18. By way of rejoinder, Mr. T.R. Rajagopalan, submitted that the government is empowered to fix the price as per article 10 of the GSA and that the claims of GAIL are on the basis of such price fixation, which does not violate the contract. He referred to and relied upon a judgment of the Division Bench of this Court in Ramanathapuram Market Committee, Virudhunagar v. East India Corporation Ltd., Madurai 89 LW 426 and, in specific, paragraph 9 thereof on the scope and ambit of section 17 of the Limitation Act.
19. Mr.Giridhar made the following submissions by way of rejoinder. GAIL does not fix the price and it is done by the government. The ownership of gas is with the people/Government of India and GAIL, as a trustee, is not entitled to waive or acquiesce. He further submitted that the conduct of GAIL is irrelevant in the determination of price and that the implication of the pricing orders should be judicially determined. By referring to the pricing order and the clarification, he submitted that it is completely clear and would operate as a directive as per Article 10. With reference to fraud, misrepresentation and mistake, he submitted that there is no magic with regard to the word mistake and that it should be interpreted in common sense terms.
20. The oral and written submissions of the respective learned counsel/senior counsel were considered and the records were examined. The principal question that arises for consideration is whether GAIL is entitled to claim the differential amount, as between the APM price and non-APM price, from the Private Counter Parties and, if so, from which date. The starting point of this exercise should be the GSA and, in particular, Article 10 thereof, which is identical in all cases. Article 10 reads as under:
“10.01 Present price of 1000 (One Thousand) Standard Cubic meters of GAS w.e.f. 1.10.1997 is applicable as per Government Pricing Order No. L-12015/3/94-GP dated 18.9.1997 (Annexure III). After 31.3.2000 the SELLER shall have right to fix the price of GAS which may be as per directive, instruction, order, etc. of the Government of India etc which is likely to be market related in accordance with current policy of liberalization of the Government of India and the BUYER shall pay to the SELLER such price of GAS. Provided further, the price of GAS so fixed is exclusive of Royalty, Taxes, Duties, Service/Transportation (Transmission) charges and all statutory levies as applicable at present or be levied in future by the Central or State Government or Municipality or any other local body or bodies payable on purchase of GAS from ONGC/other Producer(s) by the SELLER or on sale from SELLER to the BUYER and these shall be borne by the Buyer over and above the aforesaid price.”
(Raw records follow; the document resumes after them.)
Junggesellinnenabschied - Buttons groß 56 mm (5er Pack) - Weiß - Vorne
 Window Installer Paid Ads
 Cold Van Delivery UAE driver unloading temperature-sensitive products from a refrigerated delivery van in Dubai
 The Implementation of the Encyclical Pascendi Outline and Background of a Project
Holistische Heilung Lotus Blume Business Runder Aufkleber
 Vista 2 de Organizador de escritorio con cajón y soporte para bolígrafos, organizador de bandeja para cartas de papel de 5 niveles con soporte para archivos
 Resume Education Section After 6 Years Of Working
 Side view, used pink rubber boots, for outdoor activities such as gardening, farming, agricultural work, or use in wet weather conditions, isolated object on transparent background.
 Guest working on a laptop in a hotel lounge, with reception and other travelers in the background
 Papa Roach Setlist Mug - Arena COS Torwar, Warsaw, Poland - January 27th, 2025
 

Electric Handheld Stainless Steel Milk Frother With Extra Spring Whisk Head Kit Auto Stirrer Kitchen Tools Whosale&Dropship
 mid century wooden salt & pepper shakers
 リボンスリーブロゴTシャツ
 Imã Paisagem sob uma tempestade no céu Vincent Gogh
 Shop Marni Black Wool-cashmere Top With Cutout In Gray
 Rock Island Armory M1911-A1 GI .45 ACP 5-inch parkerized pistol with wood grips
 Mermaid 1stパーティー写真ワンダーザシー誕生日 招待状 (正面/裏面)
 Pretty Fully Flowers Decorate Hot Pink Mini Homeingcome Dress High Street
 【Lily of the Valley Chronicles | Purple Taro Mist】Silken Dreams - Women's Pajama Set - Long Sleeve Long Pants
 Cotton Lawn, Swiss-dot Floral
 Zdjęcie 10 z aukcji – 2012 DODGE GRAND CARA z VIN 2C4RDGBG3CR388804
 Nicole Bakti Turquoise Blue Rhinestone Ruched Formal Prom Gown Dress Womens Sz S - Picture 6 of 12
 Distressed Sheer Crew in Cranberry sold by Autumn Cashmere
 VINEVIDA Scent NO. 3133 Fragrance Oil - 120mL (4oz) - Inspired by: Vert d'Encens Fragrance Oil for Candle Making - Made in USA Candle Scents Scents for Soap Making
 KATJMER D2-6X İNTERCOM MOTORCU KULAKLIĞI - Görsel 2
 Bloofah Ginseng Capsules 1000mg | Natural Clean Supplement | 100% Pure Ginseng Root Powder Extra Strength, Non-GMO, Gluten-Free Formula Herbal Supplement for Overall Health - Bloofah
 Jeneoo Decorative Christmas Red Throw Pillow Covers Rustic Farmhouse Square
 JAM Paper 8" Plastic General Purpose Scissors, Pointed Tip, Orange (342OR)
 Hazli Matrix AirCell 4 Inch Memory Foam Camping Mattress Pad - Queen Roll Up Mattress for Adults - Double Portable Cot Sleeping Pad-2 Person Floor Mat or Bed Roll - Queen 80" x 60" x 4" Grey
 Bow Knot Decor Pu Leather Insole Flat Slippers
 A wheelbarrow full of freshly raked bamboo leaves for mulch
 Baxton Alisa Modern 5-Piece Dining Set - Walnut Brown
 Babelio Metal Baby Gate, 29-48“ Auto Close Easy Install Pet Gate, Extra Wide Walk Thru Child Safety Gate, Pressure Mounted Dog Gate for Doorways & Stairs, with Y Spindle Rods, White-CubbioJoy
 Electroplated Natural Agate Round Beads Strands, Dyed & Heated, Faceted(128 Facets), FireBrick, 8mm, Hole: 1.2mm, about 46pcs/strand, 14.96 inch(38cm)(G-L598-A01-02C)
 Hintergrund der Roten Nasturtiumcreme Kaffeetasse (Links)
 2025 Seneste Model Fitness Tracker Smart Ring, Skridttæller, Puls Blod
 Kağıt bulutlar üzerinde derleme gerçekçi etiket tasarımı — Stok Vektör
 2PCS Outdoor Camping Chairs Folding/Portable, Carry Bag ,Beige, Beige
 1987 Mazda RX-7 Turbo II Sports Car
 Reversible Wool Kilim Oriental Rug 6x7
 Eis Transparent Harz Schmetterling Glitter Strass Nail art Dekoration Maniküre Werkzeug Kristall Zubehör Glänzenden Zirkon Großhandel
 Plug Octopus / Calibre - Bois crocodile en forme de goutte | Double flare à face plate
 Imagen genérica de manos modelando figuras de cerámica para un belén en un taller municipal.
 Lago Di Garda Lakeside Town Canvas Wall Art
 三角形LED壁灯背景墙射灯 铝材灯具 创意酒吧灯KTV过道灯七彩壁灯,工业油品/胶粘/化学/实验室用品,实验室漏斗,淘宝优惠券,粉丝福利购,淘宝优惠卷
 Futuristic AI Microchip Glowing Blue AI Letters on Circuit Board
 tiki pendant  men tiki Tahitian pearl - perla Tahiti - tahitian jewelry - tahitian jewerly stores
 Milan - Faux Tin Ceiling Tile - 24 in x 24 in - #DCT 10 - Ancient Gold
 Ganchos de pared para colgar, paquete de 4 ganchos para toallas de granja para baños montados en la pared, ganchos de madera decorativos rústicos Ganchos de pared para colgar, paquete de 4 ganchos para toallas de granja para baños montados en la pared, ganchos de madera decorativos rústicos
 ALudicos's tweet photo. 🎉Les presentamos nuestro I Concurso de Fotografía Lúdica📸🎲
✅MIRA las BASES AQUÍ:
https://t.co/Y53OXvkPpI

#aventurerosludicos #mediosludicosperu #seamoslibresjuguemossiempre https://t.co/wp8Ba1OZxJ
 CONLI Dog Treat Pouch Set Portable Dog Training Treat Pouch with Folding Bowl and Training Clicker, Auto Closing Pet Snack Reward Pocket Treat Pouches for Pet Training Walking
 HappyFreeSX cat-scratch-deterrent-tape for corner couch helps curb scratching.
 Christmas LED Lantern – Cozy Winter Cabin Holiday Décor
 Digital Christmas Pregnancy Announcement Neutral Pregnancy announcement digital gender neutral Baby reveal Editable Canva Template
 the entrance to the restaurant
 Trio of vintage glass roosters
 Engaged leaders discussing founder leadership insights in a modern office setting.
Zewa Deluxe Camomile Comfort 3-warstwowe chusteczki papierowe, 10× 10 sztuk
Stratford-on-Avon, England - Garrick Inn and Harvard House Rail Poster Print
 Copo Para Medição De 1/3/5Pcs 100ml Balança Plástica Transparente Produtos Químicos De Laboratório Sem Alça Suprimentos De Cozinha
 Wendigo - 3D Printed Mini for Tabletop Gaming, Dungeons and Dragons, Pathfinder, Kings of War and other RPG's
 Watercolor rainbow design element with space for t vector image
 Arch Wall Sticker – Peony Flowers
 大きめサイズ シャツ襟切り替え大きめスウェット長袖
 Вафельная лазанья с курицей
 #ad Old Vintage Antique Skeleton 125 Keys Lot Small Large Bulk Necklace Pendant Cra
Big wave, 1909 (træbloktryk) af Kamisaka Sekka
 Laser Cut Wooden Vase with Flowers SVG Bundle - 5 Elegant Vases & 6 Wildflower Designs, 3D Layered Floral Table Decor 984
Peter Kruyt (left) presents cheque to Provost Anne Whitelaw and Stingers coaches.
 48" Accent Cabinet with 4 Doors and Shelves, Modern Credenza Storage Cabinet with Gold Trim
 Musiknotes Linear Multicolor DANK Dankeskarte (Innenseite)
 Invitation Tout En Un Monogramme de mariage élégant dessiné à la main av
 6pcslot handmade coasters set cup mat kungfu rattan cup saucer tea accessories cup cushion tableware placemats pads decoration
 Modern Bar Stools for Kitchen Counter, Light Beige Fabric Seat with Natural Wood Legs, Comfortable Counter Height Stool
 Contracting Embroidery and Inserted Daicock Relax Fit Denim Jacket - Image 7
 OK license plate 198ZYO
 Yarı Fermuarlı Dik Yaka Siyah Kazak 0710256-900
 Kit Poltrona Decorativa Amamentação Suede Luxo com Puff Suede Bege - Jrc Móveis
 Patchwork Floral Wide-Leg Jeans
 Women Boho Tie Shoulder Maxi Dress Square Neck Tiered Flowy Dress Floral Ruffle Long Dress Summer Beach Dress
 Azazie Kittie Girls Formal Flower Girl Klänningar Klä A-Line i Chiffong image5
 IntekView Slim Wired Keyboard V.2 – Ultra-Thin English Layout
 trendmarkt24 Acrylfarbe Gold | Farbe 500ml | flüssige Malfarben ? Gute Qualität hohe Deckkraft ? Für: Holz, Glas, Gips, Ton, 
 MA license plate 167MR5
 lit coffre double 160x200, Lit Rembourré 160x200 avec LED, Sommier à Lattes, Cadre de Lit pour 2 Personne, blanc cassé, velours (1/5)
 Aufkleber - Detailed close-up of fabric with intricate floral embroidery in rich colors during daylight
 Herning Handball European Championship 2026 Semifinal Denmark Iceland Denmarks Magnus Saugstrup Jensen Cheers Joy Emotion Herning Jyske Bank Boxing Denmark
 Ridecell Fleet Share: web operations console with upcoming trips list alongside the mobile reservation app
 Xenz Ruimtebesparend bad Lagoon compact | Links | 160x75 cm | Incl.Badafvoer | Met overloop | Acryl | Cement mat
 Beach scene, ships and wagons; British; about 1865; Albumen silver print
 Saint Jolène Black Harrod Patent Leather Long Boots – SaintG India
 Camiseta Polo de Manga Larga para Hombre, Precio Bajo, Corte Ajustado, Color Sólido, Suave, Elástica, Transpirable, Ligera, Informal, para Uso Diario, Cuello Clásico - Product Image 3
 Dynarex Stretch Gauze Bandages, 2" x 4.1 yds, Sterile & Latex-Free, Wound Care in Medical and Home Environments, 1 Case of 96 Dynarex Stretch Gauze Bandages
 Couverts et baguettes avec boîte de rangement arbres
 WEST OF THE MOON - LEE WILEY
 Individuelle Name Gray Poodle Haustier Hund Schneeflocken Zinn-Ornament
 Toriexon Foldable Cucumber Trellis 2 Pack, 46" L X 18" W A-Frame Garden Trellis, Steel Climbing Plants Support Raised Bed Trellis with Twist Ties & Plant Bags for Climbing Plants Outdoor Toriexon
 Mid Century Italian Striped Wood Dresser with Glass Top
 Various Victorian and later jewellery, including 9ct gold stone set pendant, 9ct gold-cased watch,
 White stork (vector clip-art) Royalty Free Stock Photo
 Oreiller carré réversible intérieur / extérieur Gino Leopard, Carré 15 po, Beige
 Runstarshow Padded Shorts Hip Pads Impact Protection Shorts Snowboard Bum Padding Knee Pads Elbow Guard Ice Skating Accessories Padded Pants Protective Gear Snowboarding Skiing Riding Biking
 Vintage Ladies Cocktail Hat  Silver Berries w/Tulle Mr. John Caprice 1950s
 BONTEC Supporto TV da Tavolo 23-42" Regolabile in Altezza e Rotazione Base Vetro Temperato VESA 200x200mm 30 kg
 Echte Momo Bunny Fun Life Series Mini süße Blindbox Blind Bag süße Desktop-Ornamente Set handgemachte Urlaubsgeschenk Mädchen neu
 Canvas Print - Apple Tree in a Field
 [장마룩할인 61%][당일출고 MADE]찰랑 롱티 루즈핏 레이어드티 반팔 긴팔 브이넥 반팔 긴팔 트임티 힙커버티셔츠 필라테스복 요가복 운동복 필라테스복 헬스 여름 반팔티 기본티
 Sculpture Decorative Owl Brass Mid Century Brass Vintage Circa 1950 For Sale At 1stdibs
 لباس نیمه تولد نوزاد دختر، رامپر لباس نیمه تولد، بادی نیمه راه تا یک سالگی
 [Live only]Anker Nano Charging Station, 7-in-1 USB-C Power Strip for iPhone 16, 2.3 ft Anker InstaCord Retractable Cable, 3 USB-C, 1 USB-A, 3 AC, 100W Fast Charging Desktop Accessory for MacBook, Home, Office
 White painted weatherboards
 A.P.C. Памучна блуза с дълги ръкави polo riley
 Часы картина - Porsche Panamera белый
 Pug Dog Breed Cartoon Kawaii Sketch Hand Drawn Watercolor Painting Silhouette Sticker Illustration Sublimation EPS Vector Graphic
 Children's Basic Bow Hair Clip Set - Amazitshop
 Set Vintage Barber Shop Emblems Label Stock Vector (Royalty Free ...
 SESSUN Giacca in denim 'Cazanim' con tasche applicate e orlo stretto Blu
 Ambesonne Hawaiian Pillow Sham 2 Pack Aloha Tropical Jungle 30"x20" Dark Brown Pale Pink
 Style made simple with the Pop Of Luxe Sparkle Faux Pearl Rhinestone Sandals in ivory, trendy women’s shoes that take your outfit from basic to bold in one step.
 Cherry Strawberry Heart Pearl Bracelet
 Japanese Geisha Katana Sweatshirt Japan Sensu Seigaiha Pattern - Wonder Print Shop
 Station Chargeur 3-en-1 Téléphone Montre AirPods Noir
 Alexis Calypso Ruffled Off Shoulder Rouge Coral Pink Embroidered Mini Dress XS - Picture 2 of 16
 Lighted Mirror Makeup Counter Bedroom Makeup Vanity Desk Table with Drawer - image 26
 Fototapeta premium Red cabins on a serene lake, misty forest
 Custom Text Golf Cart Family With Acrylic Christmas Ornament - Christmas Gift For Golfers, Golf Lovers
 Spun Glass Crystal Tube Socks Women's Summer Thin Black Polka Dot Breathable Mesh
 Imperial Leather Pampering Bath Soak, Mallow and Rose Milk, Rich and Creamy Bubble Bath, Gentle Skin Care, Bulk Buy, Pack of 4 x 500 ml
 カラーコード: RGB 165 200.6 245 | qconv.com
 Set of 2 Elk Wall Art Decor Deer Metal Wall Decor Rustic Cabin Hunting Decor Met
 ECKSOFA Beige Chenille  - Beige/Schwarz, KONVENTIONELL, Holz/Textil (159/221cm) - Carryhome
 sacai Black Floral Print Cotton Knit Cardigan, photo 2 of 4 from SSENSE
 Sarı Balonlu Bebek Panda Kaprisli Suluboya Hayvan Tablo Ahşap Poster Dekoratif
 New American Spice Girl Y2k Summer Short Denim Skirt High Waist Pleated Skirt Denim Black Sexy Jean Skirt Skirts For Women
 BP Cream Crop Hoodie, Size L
Upon examining the GSA, it is clear that the GSA does not specify that APM or non-APM price would be charged for the supply of gas by GAIL. The GSA, however, enables and empowers GAIL to fix the price after 31.03.2000 and further provides that such price may be fixed as per the directive, instruction or order of the Government of India. By Pricing Order dated 20.06.2005, APM price was fixed at Rs.3200/- per 1000 SCMD by the MoPNG and GAIL made the Pricing Order applicable to the GSA with the Private Counter Parties on the probable basis that they are power sector consumers. The Pricing Order reads, in relevant part, as follows:
“(iii).... Accordingly, it has been decided in the public interest that all available APM gas would be supplied to only the power and fertilizer sector consumers against their existing allocations along with the specific end users committed under Court orders/small scale consumers having allocations upto 0.05 MMSCMD at the revised price of Rs.3200 MCM....”
Accordingly, the Private Counter Parties were charged at the APM price specified in the Pricing Order until the year 2011. During this period, GAIL, by letter dated 12.06.2006, requested for a clarification from the MoPNG with regard to four categories of buyers such as IGL and MGL and four specific small consumers in the power sector who use natural gas for captive generation and the clarification dated 27.06.2006 was received in response. In relevant part, it is stated as under in the clarification:
“APM gas price would be applicable for only those quantities of gas which are used for generating electricity which is supplied to the grid for distribution to the consumers through the public utilities/licensed distribution companies.”
21. On receipt of the above clarification, GAIL requested the Private Counter Parties to confirm that they are generating/distributing electricity according to the guidelines of MoPNG and each Private Counter Party provided such confirmation in the year 2006. On different dates in December 2010, GAIL entered into a Gas Supply and Transmission Agreement (GSTA) with the respective Private Counter Party. Article 10.1 thereof, which is identical in each GSTA, reads as follows:
“10.1 Gas Price
(a) For the supply of Gas against the quantity mentioned at Article 5.1, the price equivalent to US$ 4.2/MMBTU on Net Calorific Value (NCV) basis (inclusive of Royalty) is applicable as per Government Pricing Order No.L-12015/8/10-GP dated 31.05.2010, and clarifications issued vide letter No.L-12015/8/10-GP dated 23.06.2010, and Letter No.L-12015/12/1-GP dated 24.11.2010 Annexure III). The price is linked to a calorific value of 10000 Kcal/SCM on Net Calorific Value (NCV) basis. The above price shall be converted to Rs./MSCM (at 10000 KCal/SCM) at RBI reference exchange rate of the month previous to the month during which supply of APM gas is made. The RBI exchange rate of the month would be calculated by taking the average of the RBI reference exchange rates for all days in the relevant month for which the rate is available on the RBI website.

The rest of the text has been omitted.